Именно Кирилл ввел меня в мир питерской богемы. Мы собирались в его мастерской: запретных тем не существовало, эмоции всегда зашкаливали, водка текла рекой. Под воздействием алкоголя художники высказывались в адрес руководства страны:
– Ни хрена не понимают в управлении страной. Дали б нам деньги, через год страна стала бы другой, – длинноволосая богема одобрительно кивала Кириллу и синхронно опустошала рюмки.
Тут я с Кириллом соглашался, страна точно была бы другой. А может и не стало бы страны через год…
Кто был во всем виноват, становилось ясно, зато по повестке «что делать» выходили разногласия. И тут все поглядывали на меня как на бывшего банковского работника. Волосатые художники смотрели глазами лунатиков и ждали простых и четких советов.
Я на доступном языке призывал их не жить одним днем по принципу «то густо, то пусто» и мыслить стратегически. Я говорил о том, что нужно делать сбережения и иметь хоть небольшой, но стабильный доход, для того чтобы заниматься творчеством, не думая о кастрюле щей. Художники, включая Кирилла, напряженно вслушивались и кивали гривами. Я закончил. Большинство со мной безвольно согласилось, Кирилл как всегда восстал:
– Я с тобой согласен! Но!!! Если все будет, как ты сказал, то мы уже будем не художниками, а менеджерами. Лучше сразу петлю одевай!

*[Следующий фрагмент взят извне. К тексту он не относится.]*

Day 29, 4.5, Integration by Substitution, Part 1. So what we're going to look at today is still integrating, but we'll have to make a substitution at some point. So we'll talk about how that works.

Художники гордо закивали головами. Пьяный Сергей Бурков неожиданно встал на мою сторону:
– А вот я с Сашкой согласен насчет денег. Раздалось радостное ржание:
– Бурков деньги решил сохранить. Да ты же за день их и пропьешь!
– Не пропью, если будет цель. Скоро мне двадцать пять тыщ за работы отвалят, научи, Саня, что делать…

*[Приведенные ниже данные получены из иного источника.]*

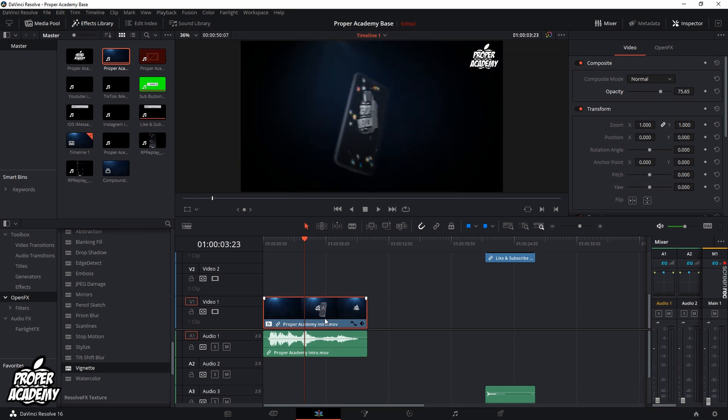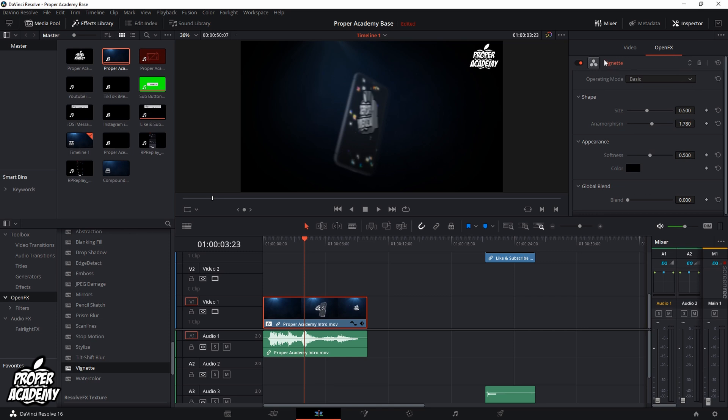Once you have it on there you can obviously change it. All you have to do is make sure that your clip is selected like mine is, go over to inspector, and you'll see that there are two tabs here at the top: video and open effects. Click on open effects and you'll have the settings for this effect.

Природа богато одарила Серегу Буркова талантом, добротой и полным презрением к материальной стороне жизни. У него даже дома своего не было. Обитал в мастерских друзей, где пил и творил. В свои пятьдесят он хорошо сохранился, имел космы и бородку в стиле зрелого Сурикова, но сливообразный нос своей палитрой выдавал его с потрохами. И, тем не менее, Бурков был живописен какой-то своей природной русскостью. Коллеги по цеху относились к нему с иронией и всегда и везде встречали Серегу улыбкой. Все любили его.

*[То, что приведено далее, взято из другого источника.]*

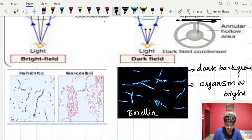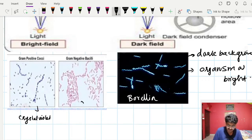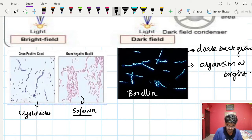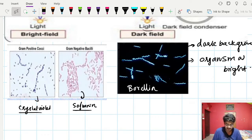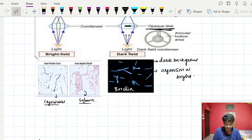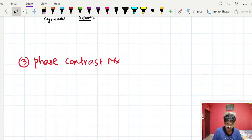In bright field microscopy using gram staining, gram positive cocci appear violet using crystal violet as the primary stain, while gram negative bacilli get stained with safranin as the secondary stain. So this is how bright field looks like and how dark field looks like.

Года три назад с ним случилась такая история.
В Серегу влюбилась заказчица. Одна стерва – директор агентства недвижимости решила «спасти» гибнущего художника и заодно устроить личную жизнь. Сначала она присматривалась к нему, подбрасывала заказы, а затем по-деловому пошла на штурм:
– Я хочу уехать из России! У меня есть вилла в Панаме. Тебя ведь здесь ничего не держит. И потом, кому тут нужна твоя мазня? Едем вместе!
Эта Марина знала, на какого червя следует ловить Буркова. Эффектная, неглиже, она изящно лежала с сигаретой на только что покинутом избранником ложе и с улыбкой любящей матери за ним наблюдала. Отхлебывая виски из горла и запивая его вчерашним луковым супом прямо из никелированной кастрюльки, Бурков отвечал ей восторженным взглядом. Казалось, судьба благоволит недотепе художнику.
– Ну как?
Бурков вытер губы рукавом халата.
– Чего как?
– Как насчет Панамы?
– Какой Панамы-то?
Скоро Марина улетела в Панаму, чтобы приготовить гнездо к приезду жениха. А сам жених был сдан подруге – деловой во всех отношениях даме, чтобы та, взяв его за руку, обошла нужные инстанции и оформила к сроку бумаги. Сергей блеял и рыпался, но дама высосала его как паук, муху и нужные бумаги были собраны к заданному времени.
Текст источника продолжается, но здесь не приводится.